The expected response is the full listing, retyped exactly, without its images.
### Data
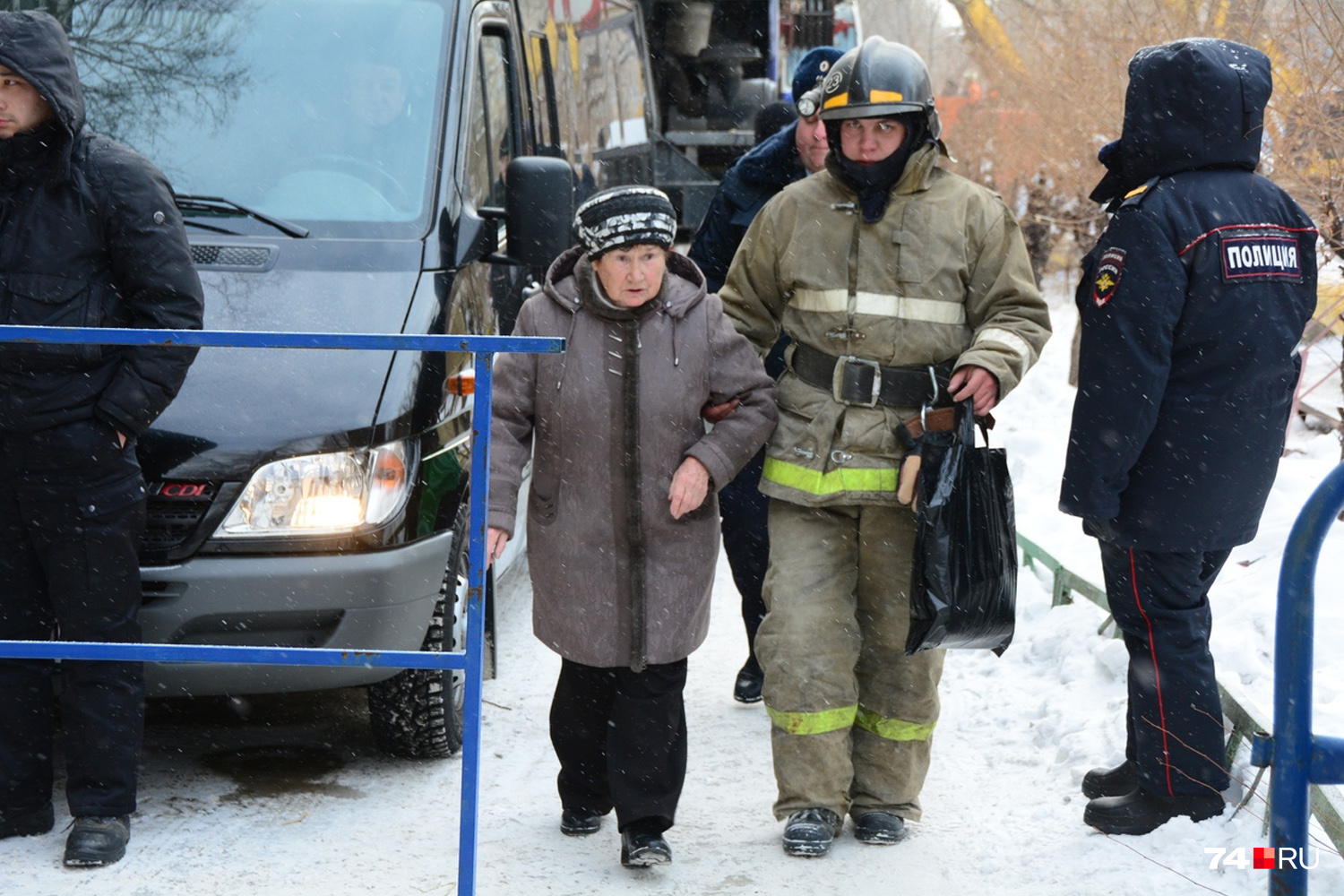 Сотрудники МЧС стараются быть максимально внимательными к людям, потерявшим свой дом Сотрудники МЧС стараются быть максимально внимательными к людям, потерявшим свой дом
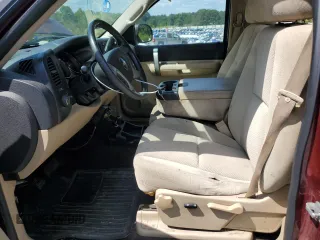 2008 Chevrolet Silverado 1500 Work Truck with VIN 1GCEC14088Z250865, listed as a Copart auction lot 72437884 with 137,030 mi miles and Salvage Title. Bid and sale history available at carsss.com. Image 7.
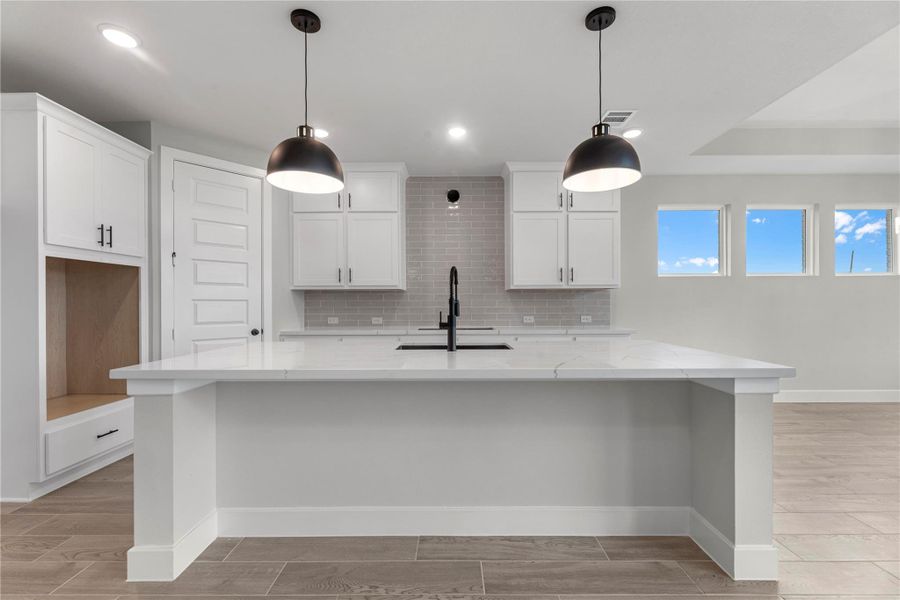 Representative image. Features, selections and colors may vary. Representative image. Features, selections and colors may vary.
######
> **Task answer**
 Сотрудники МЧС стараются быть максимально внимательными к людям, потерявшим свой дом Сотрудники МЧС стараются быть максимально внимательными к людям, потерявшим свой дом
 2008 Chevrolet Silverado 1500 Work Truck with VIN 1GCEC14088Z250865, listed as a Copart auction lot 72437884 with 137,030 mi miles and Salvage Title. Bid and sale history available at carsss.com. Image 7.
 Representative image. Features, selections and colors may vary. Representative image. Features, selections and colors may vary.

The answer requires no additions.